One of Spike Milligan’s more baffling poems, ‘Why?’ inspires a reader to ask the title question over and over. Why does the poet want to talk about these topics? And why have they been discussed so outrageously, yet briefly? That is the main pleasure of a work like this. Whether a reader is young or old there is a joy to be indulged in through the arrangement of perfectly rhyming and rhythmic words that tell a light-hearted, if somewhat confusing, story.
Summary of Why?
In the first lines, the speaker tells the reader, very simply, that American detectives never take off their hats while investigating murders. He goes on in the second stanza, adding a postscript, to say that the Chinese “Tecs” are the opposite. They’re more “dreaded” and always investigate “bare-headed”.
You can read the full poem here.
Poetic Techniques in Why?
‘Why?’ by Spike Milligan is a two stanza poem separated into sets of four lines, known as quatrains. These quatrains follow a rhyme scheme of ABCB DEFE. Despite the simplicity of the rhyme scheme, and of the language, Milligan makes use of several poetic techniques in this poem. These include alliteration, enjambment, juxtaposition and internal rhyme.
The first, alliteration, occurs when words are used in succession, or at least appear close together, and begin with the same letter. For instance, “always appear” in the second stanza.

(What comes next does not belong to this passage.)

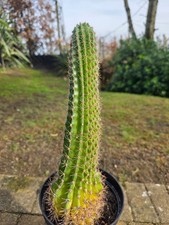 Large Flowering 'Mother'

Juxtaposition is utilized when two contrasting things are placed near one another in order to emphasize that contrast. A poet usually does this in order to emphasize a larger theme of their text or make an important point about the differences between these two things. In the case of ‘Why?’ Milligan places the humorous image of American detectives who never take off their hats alongside murder.
Another important technique commonly used in poetry is enjambment. It occurs when a line is cut off before its natural stopping point. Enjambment forces a reader down to the next line, and the next, quickly. One has to move forward in order to comfortably resolve a phrase or sentence. There are examples throughout ‘Why?’ but one particularly effective one occurs in the transition between the first and second lines of the first stanza.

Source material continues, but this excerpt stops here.